Dealing with Peer Pressure plays a huge role in the moulding of your child’s personality. It also provides a chance for you to create a stronger bond with your child. Being very young and overwhelmed by hormones, sometimes they don’t even realise when they’re facing peer pressure, they deal with it by keeping it to themselves because they feel out of place or succumbing to the pressure and ending up doing things they don’t exactly want to do.
In this conflicting time, there are a few things you can do, as a parent to help your child resist peer pressure:
1) Keep Communication Constant.
Your child having someone to talk to is very important. They need to have a place where they can vent their thoughts and worries and could constructively try to solve the problems they face.
2) Don’t be Judgemental
It is imperative that your child feels comfortable coming to you and confiding into you. The problems of each generation are slightly different and might come earlier than you think, provide support to your child and make sure you don’t force the better path onto your child. Discuss the problem with them, let them come up with a solution on their own, this will not only develop them to resist peer pressure, but will also nurture them to find practical solutions to their problems in the future.
3) Be Involved, Not Attached
Be the friend your child needs. Be involved in their activities and support and push them where it is necessary. But don’t attach yourself to them, that can make them dependant on your support, leading to a very unhealthy relationship in the future. Children tend to get overwhelmed with parental attachment as they grow older, leading to a very bitter experience for the parent as well as the child. Live their life WITH them, not FOR them.
4) Involve them in household activities.
Giving them a routine outside of their peer circle is as important as maintaining good relations with the peers. The easiest way to do this would be to give a set of responsibilities and chores for every day. Plan a party with the relatives or colleagues and ask them to be involved in the “organizing team”, make it fun for them and praise them for being involved in it. They will resist at first, but it will help your child remember that they are more than just their group of friends. Talking to different kinds of people will help them realise that it is okay to not be like what their peers expect them to be
5) Hobby Classes
When we do something we like to do, we feel like we ‘fit in’. That’s all peer pressure is about, isn’t it? Fitting in. Ask your child what they want to learn and find ways they could join it, they will meet like-minded people, create a new circle of friends, develop social skills and learn to be themselves a little more.
6) Discuss Sensitive Issues without the Taboos
The Teen-ages are a very long ‘so-what’ phase, they don’t think about the consequences of their actions, and even they do, they’ll say ‘so what’ and do it anyway. Instead, discuss these topics with your children, find different ways to start the topic, maybe watching a controversial movie together or discussing some news together will help you understand their perspective. If their perspective doesn’t match yours, it is okay, this is going to be a time-consuming process and it will require some patience on your part to slowly bring them back on track.
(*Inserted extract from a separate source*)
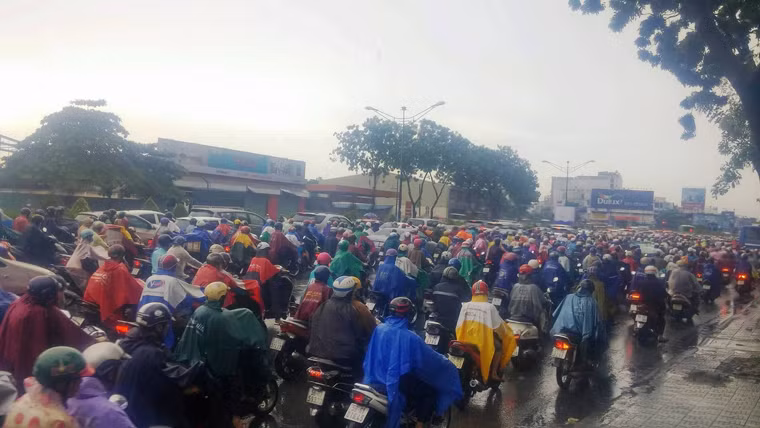 Nhiều tuyến đường ở TP.HCM cũng bị ngập nặng và kẹt xe trong cơn mưa dông rạng sáng nay.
7) Teach them to use Logic
Whenever their friends ask them to do something or go somewhere (good or bad), ask them to come with a set of reasons why they should go and why they shouldn’t go. It is very necessary that they come up with BOTH the sides of the argument themselves. When they come to you with fair logic, listen to them even if you don’t agree with them, point out to any loopholes that might exist and ask them to make a decision for themselves. This will help them trust their instincts and use logic before they use emotions or succumb to any pressure.
P.S- It is very necessary that you use logic yourself. You cannot fall into a whirlwind of emotions and judgements while asking your child to use logic. IF they come up with logic and you don’t agree with them going somewhere for safety reasons, mention that to them so they find a practical solution to it.
8) Teach them to say No without feeling any guilt.
It is very difficult to say no to your peers, the fear of not being liked by your friends is crippling. Teach them that they don’t have to worry about being alone, the more independent and mature they become, the more people are going to like them. Saying No to something an individual doesn’t wish to do is a simple right. They’re not answerable to any of their friends for not wanting to do something.
9) Ask them to Teach.
This method is something that no uses but definitely works. Make them join an organisation or an institute where they would be required to take care of or teach children younger than themselves. This will create a sense of responsibility, awareness and will also help them mature a little bit. Taking the responsibility of influencing another human being moves people from within.